It did not receive the same headlines as the latest forecasts of jobs and offices lost or retained, or reports of who hinted at what during this or that speech.
But unlike the known unknowns of the UK’s departure from the European Union, the Risk Transformation Regulations, passed last month, brings some lucidity.
It enables reinsurers to set up vehicles to issue insurance-linked securities (ILS), including catastrophe bonds.
The push to make London a hub for ILS dates back to the government’s 2015 budget, but it has only made it to legislation more than two years later — though with the Brexit referendum and the inconclusive 2017 general election, legislators have had other things on their minds.
But it is the UK regulator which has been praised by the market, for helping Neon Underwriting to get the first ILS vehicle and trade up and running. This has dampened doubts about the UK’s ability to match other, niftier jurisdictions for speed.

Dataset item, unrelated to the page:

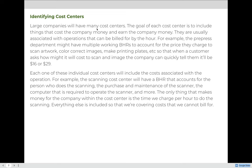Each individual cost center will include the costs associated with that operation. For example, the scanning cost center will have a BHR that accounts for the person who does the scanning, the purchase and maintenance of the scanner, the computer required to operate the scanner, and more. The only thing that makes money for the company within the cost center is the time we charge per hour to do the scanning; everything else is included so that we're covering costs we cannot bill for separately.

The ILS market is expected to properly take off in the summer renewals periods. The market for catastrophe ILS saw record issuance in 2017, and offers investors the warm glow of a sense of social purpose in the age of climate change, and risk uncorrelated to the swathes of asset classes regarded as overvalued.
Some express the usual worries about complex financial products: Do investors fully understand them? Do the models work correctly? Do they pose risk to other areas of the financial system?
Insiders point out that the cat bond market weathered last year’s tests, after hurricanes ravaged the US. And it may reassure sceptics that the market will develop under the watchful eye of the Bank of England rather than elsewhere.
Those involved in the new legislation talk of London expanding the ILS pie, rather than simply gobbling up a greater share of what is already out there. Compared with low tax competitors like Bermuda and Guernsey, the City offers highly-skilled people and firms in a concentrated area.
But perhaps because the move towards the law began several years ago, it appears rather anachronistic in the context of the government wrestling with Brexit.
The country’s insurance industry is waiting to see what happens to regulations after the big split, with some politicians keener than the Prudential Regulation Authority to diverge from the Solvency II framework.
Most recently, reports that the government may never release a position paper on the future of financial services will be viewed with suspicion.
Away from the grand arguments about the effects of the UK leaving the EU, the ILS law is a concrete example of regulatory progress, even if the Brexit fog augurs the opposite.